Read an Excerpt
Since its debut in September 1998, Total Request Live has become the hottest show on TV. If you watch TRL, you understand what it's about. Indulge us for a few lines while we bring any less enlightened mortals we have among us up to speed.
As soon as it was created by combining elements of the existing shows MTV Live and Total Request, TRL blasted off, launching with it a whole lot of bands and artists and the TV superstardom of host Carson Daly. Put simply, TRL mixes videos with live appearances by bands and celebrity guests. The videos are arranged in a top-ten countdown voted for by fans over the phone or by e-mail. Other videos get their world premiere on TRL.
As its name suggests, it's all done absolutely live. No "take two" allowed. Lured by the prospect of getting on live TV, the studio at Forty-fifth Street and Broadway in New York City is thronged with crazed fans waving homemade signs hoping to spot a star, come up to the studio, or shout out their favorite video and why they love it. It's the best-rated daily program on MTV, and at it's on at 3:30 in the afternoon, which is a time usually associated with talk shows and infomercials, not awesome shows with good ratings.
As we said, if you're a fan, you know all this. How do you show you're a TRL fan? You'll watch, definitely. You might also have voted for a video or phoned in. You might have visited a Web site that tracks artist appearances or look up TRL on MTV.com. Or, most devotedly, you may have stood on Broadway screaming your guts out. (People have slept out in Times Square hoping to get in the studio with 'NSYNC or the Backstreet Boys, but this is music television, everyone, not an immunity challenge on Survivor.)
Whatever you do, there's a lot of you doing it more than a million people watch the show each day. The Web site gets more than two million page views a week. And, as Carson says most days, the show is all about the fans. You vote the videos onto the show and, much as they'd probably love to, record companies can't mess with the voting. Because it's strictly on the up and up, TRL is a genuine barometer of what people are into at any given moment.
TRL can make a performer a star in the length of time it takes to run a video from the start to the end. Or in the time it takes Carson to interview a singer who goes on to give a hot performance. But it's the fans who are making the music history and the careers right there from home. If you don't like the music, log on or dial in and change it.
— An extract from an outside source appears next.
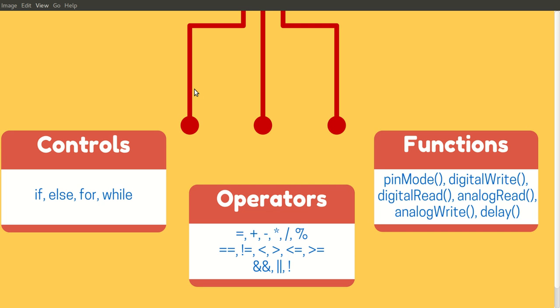In the last section we have functions. You have already seen pinMode, digitalWrite, and digitalRead in the Blink LED program.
This book will show you how MTV gets TRL on the air live every day without mishaps. Well, without too many mishaps. We'll go behind the scenes and meet the people who put the show together and how they do it. We'll tell something about the hosts and the other familiar faces you see weekdays at 3:30. We'll look at the TRL experiences of some of the biggest vote-catching bands and artists. TRL regulars like Jessica Simpson, Fred Durst, and Blink-182 say what going on TRL means to them.
To finish, we'll hear about some screw-ups, weird guests, near-disasters, and other good stuff like that. (Why did Dave Holmes brain a woman with a bottle of water at Woodstock? Who flashed the crowd out of the studio window? What was up with Fred Durst blowing up a boat at Isle of MTV?) All this and more.
It's totally TRL.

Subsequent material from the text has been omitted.